Task brief: Without the pictures, print the lines from the one holding "Schöne Dachgeschosswohnung in Büttgen" through the last line below, both included, exactly as they stand.

(Items from a dataset)
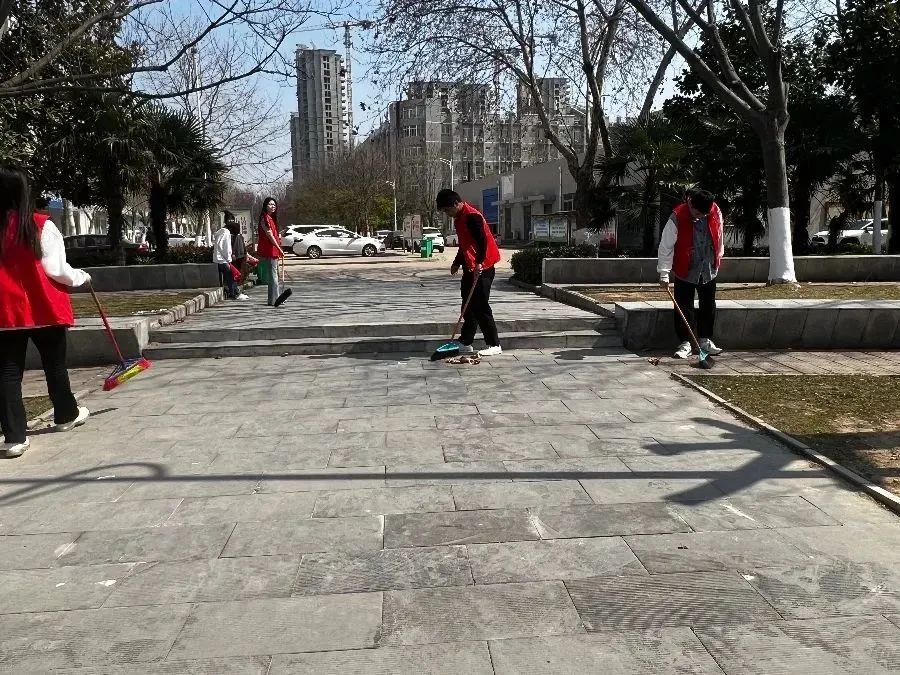 谈球吧体育app下载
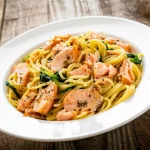 Resep Pasta Salmon Bayam, Menu Dinner di Akhir Pekan Bersama Pasangan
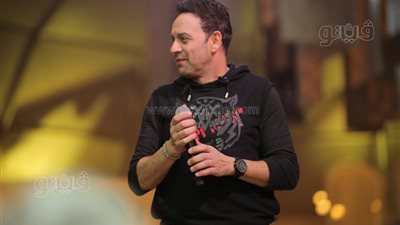 شاهد.. مصطفى قمر يردد تكبيرات العيد بأحد المساجد | فيديو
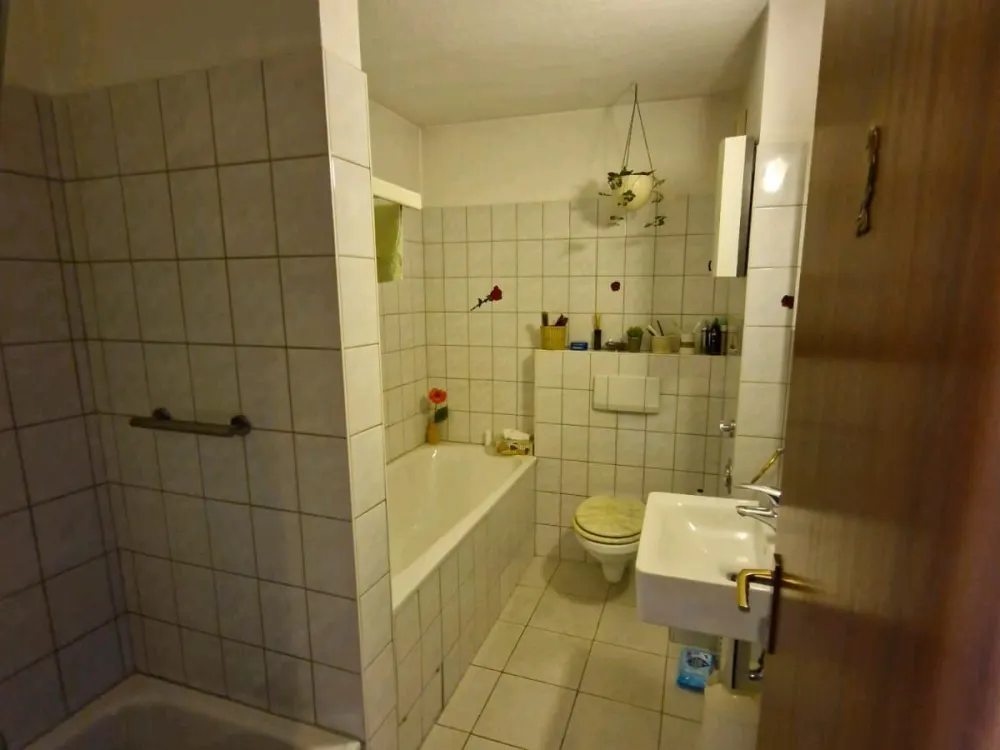 Schöne Dachgeschosswohnung in Büttgen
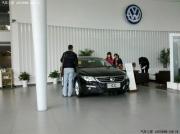 白色1.6自舒高爾夫提車作業(yè)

Answer area:
 Schöne Dachgeschosswohnung in Büttgen
 白色1.6自舒高爾夫提車作業(yè)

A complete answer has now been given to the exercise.